Task objective: Word for word and without images, reproduce the listing that follows.

Source data:

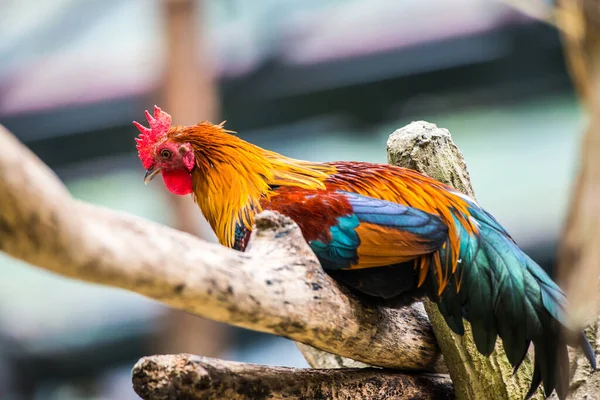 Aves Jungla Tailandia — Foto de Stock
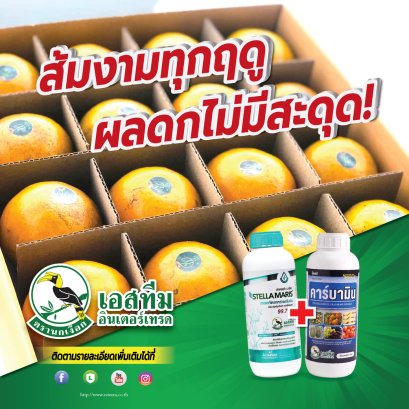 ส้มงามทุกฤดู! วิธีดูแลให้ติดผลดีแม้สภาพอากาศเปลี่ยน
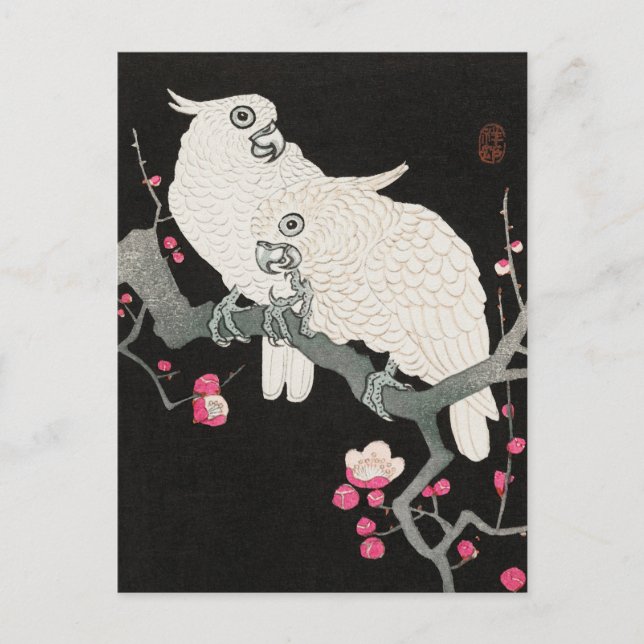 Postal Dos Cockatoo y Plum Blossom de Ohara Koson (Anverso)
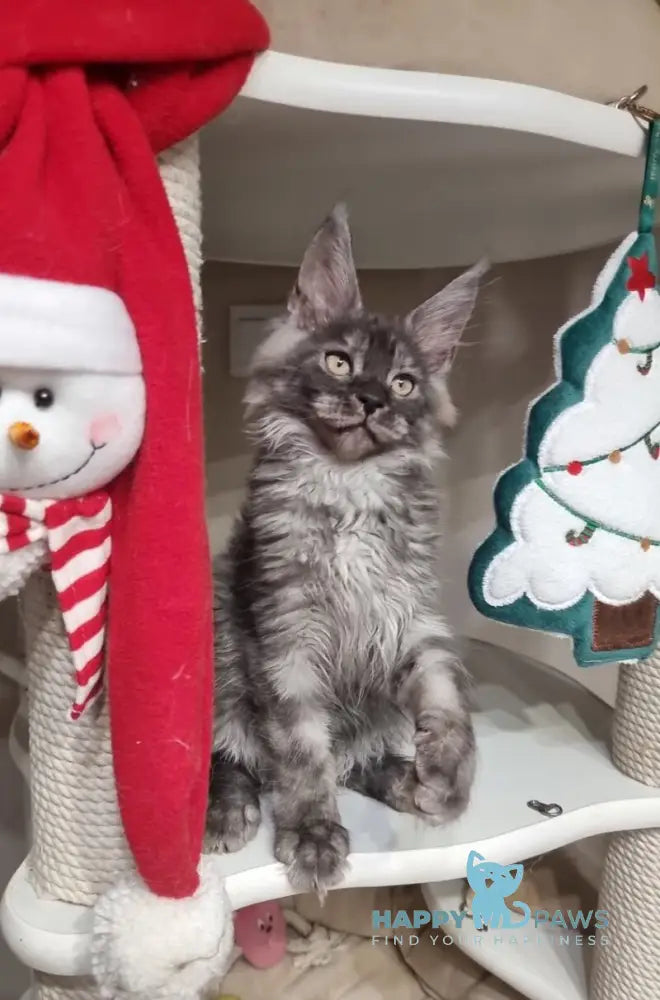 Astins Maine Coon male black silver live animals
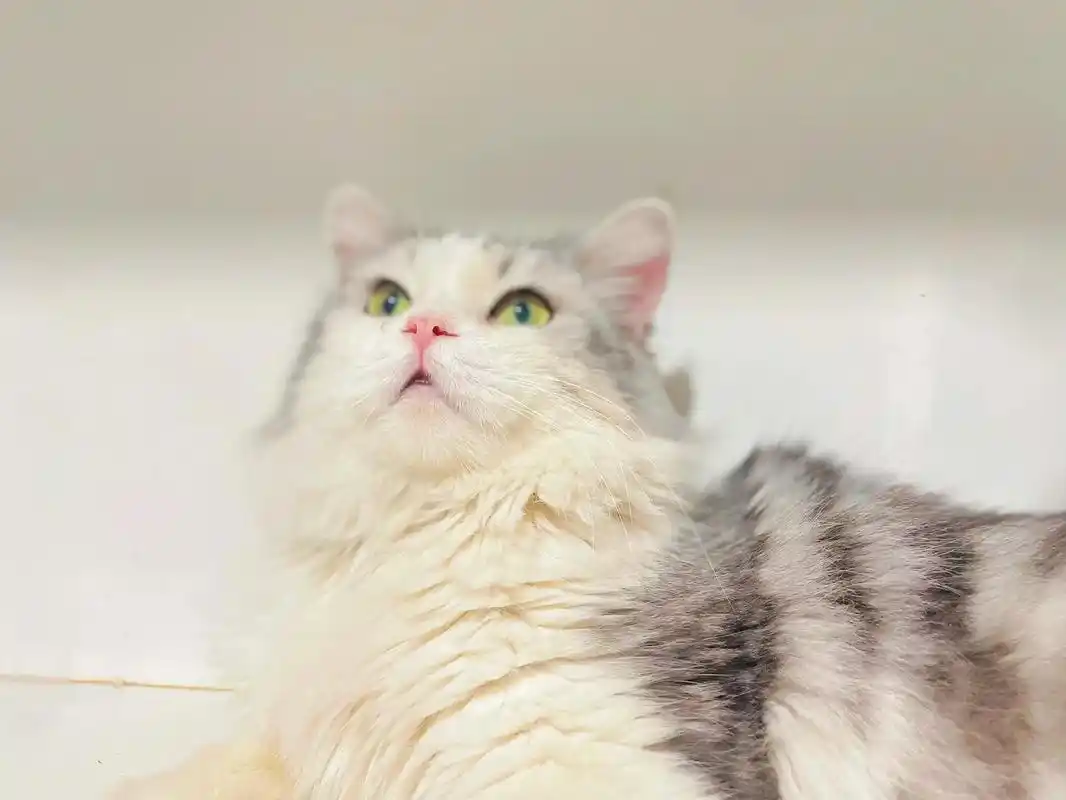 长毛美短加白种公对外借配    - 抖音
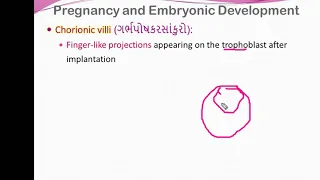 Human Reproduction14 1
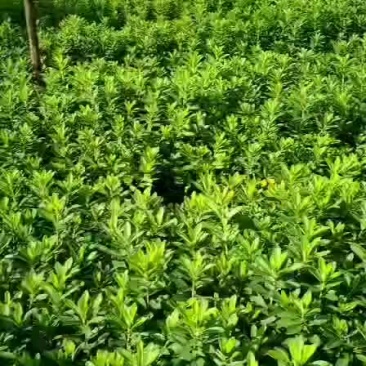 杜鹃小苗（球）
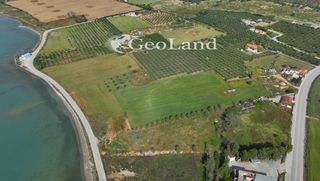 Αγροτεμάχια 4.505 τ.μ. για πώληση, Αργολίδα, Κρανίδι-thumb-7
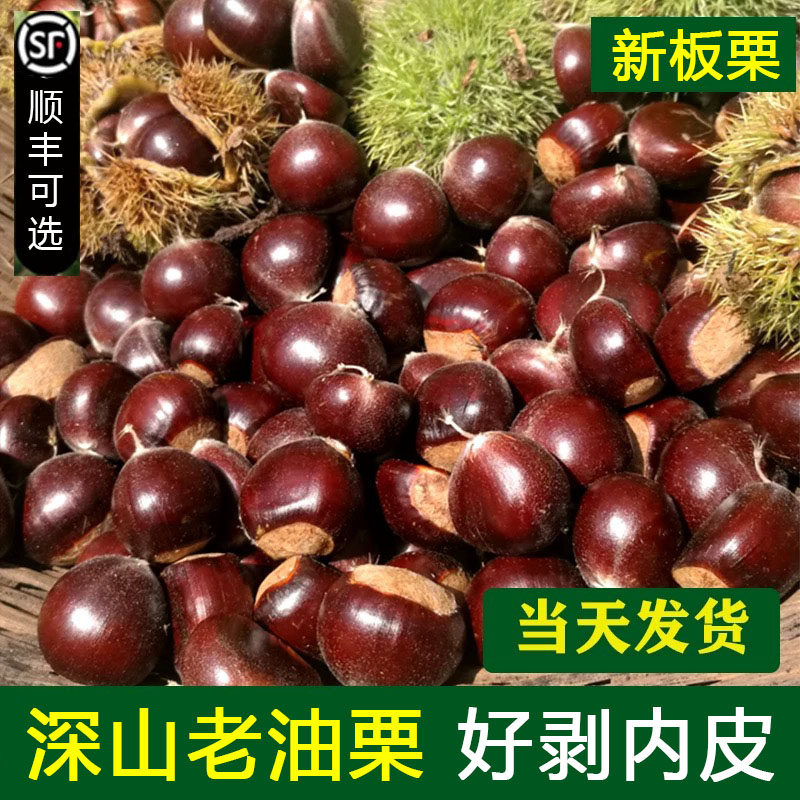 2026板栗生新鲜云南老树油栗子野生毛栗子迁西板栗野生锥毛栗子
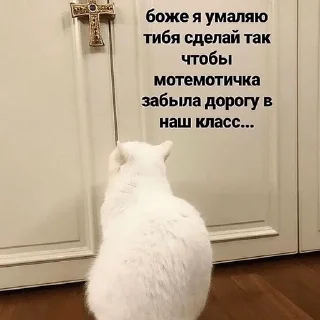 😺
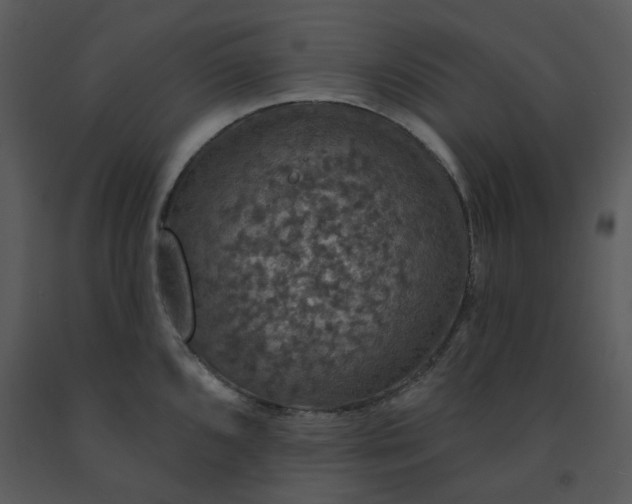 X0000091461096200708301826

Result of the exercise:
 Aves Jungla Tailandia — Foto de Stock
 ส้มงามทุกฤดู! วิธีดูแลให้ติดผลดีแม้สภาพอากาศเปลี่ยน
 Postal Dos Cockatoo y Plum Blossom de Ohara Koson (Anverso)
 Astins Maine Coon male black silver live animals
 长毛美短加白种公对外借配    - 抖音
 Human Reproduction14 1
 杜鹃小苗（球）
 Αγροτεμάχια 4.505 τ.μ. για πώληση, Αργολίδα, Κρανίδι-thumb-7
 2026板栗生新鲜云南老树油栗子野生毛栗子迁西板栗野生锥毛栗子
 😺
 X0000091461096200708301826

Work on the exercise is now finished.